Bristol Board/Hot Press/Cold Press test

  • SVS OG

    I have been working with ink and watercolor and decided to do some experimenting on which paper works best for this combination — Smooth Bristol Board, Hot Press watercolor paper, or Cold Press Watercolor paper. I did three foxes on each using dip pen for the line and Windsor and Newton pan watercolors for the paint trying to achieve as much consistency as I could between the three. (I did move one of the foxes on the Bristol Board because I wasn’t paying attention!) I took a picture of all three in the exact same lighting and then adjusted the white balance with the exact same settings to try to give a fair comparison. It isn’t the most rigorous experiment but for what it is worth, here are the results and my conclusions:

    Bristol Board
    Bristol Board.JPG

    Hot Press
    Hot Press.JPG

    Cold Press
    Cold Press.JPG

    1. In the pictures, the Hot Press photo is closest to the real life painting. The colors in the photo of the Bristol Board look a little more washed out than they do in real life maybe because Bristol Board is a little shinier. The colors in the photo of the Cold Press are a little darker than they are in real life. In real life, the differences between the colors in the three are not as acute though the Hot Press is slightly more brilliant.

    2. The cold press watercolor painting was much darker overall before I adjusted the white balance and that’s something I have problems with all of the time when I try to photograph anything on cold press. I have managed to get better at photographing it and adjusting it but it’s definitely fussier than photographing the Hot Press.

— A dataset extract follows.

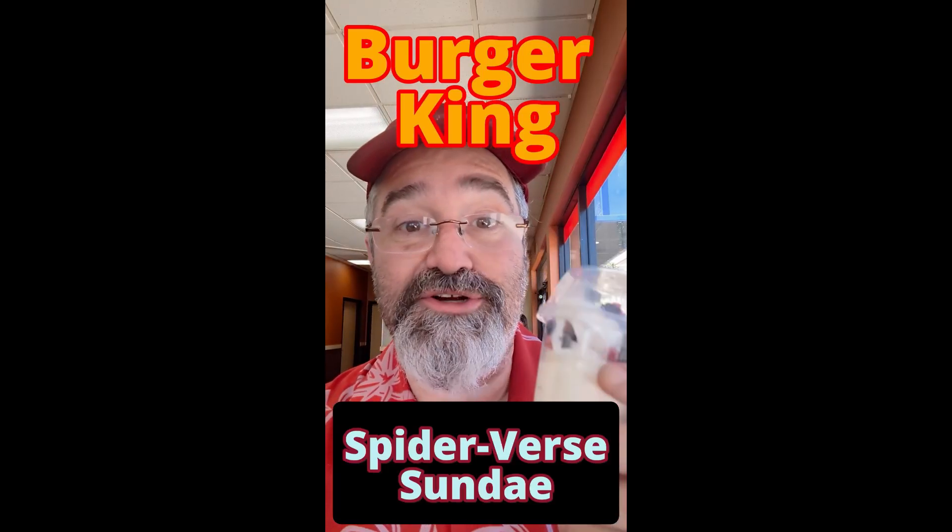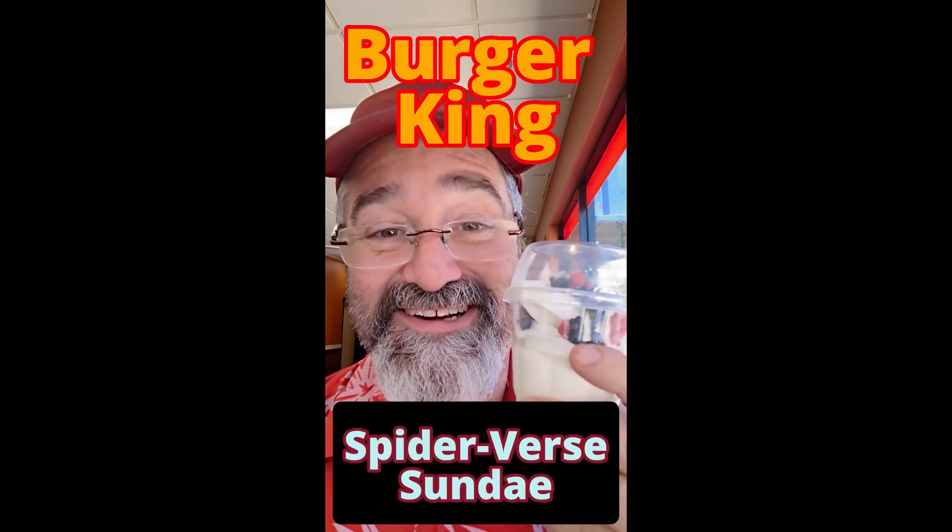I'm Bishop Stan, your favorite internet food review bishop, and I am doing the review of the Peter Parker Spider-Verse Ice Cream Sundae promo that they have at Burger King. I kind of thought it was going to be a sundae with a sauce, but evidently it doesn't come with it.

    3. Bristol Board is definitely the easiest to ink since it has virtually no tooth. Hot Press is nearly as easy. I can do ink on the cold press (and have done lots of line and wash on it) but the tooth catches the nib of the dip pen making fine lines harder, and if I did a lot of inking, I’d have to replace my nibs more often.

    4. Cold Press is the easiest to paint. Both Bristol Board and Hot Press have a learning curve (and you can see some mistakes on my photos.) After some experimenting and reading, I learned that the secret with those is to first wet the area where you are going to put your wash, let the water soak in until it dries to a dull sheen, and then put your pigmented wash over that. Let the paint dry absolutely completely (to bone dry) before you add additional glazes because if it’s not absolutely dry, it will lift.

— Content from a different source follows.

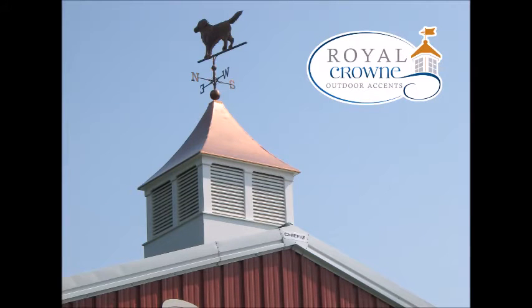Welcome to this Royal Crown Cupola presentation. Today we will show you how to prepare your roof for installation of a Royal Crown Cupola 60 inches or larger.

    My conclusion right now is to use Hot Press for anything where the ink shares a lot of the work of the illustration. My next experiment is to import something I’ve done on Hot Press into Procreate and try putting a texture layer over it to see if it can emulate cold press. That would make the inking easier on the Hot Press without having to sacrifice the texture of the cold press.

    I may be the only one who cares about any of this but I thought I’d share it anyway 🙂

  • Interesting comparison! Lovely foxes. Never tried Winsor Newton hot press paper before. Do you know how is it compared to other brands like Arches?

  • @demotlj thanks for putting this up. I am currently experimenting with watercolors as well.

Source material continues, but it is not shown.